About a month passed. Then the call came. Guitar is done; pick it up whenever. So I rushed over. The repairman discussed how, in order to fix the inlays, they had to very carefully remove them all, re-route the fingerboard spots for them, and glue them back in. A bit out of the ordinary, but the results were flawless. I picked up my guitar, played a few notes, and immediately realized this was the best guitar I had ever played. Ever. It was perfect. Took a while to get there, but it was perfect. I’ll always miss my first Les Paul Deluxe, but this one was a more than worthy replacement.
I’ve often wondered about the person or persons who owned the guitar before the Floridian online dealer I bought it from acquired it. The grimy fingerboard aside, they took very good care of it. They obviously loved it. And, they obviously loved playing it. So why did they let it go? A somewhat melancholy thought, given how the the likeliest answers are they were either no longer able to play, or were no longer here to play, this guitar which now resides with me.

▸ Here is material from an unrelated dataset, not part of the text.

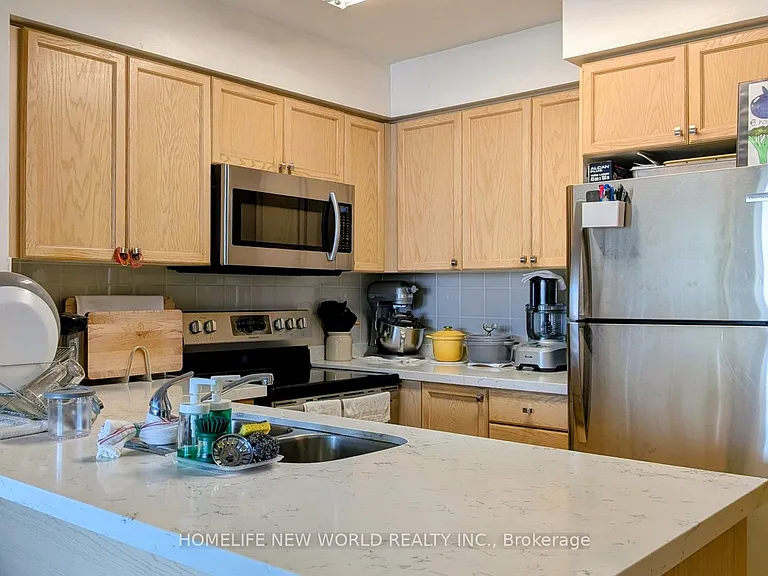 18 Parkview Ave #2515 — Photo 8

And that’s the story of my guitar. Hardly miraculous how it came into my possession. Yet, there is a touch of the miraculous how this particular guitar came to be mine, and how once given the loving care it had been more or less given its entire existence it sprang to life as a truly fine instrument. Sometimes, the least desirable turns out to be the greatest prize. All it takes is skillfully, actively applied love in action. So it is with my guitar.
Now if you’ll excuse me, I really need to practice my playing.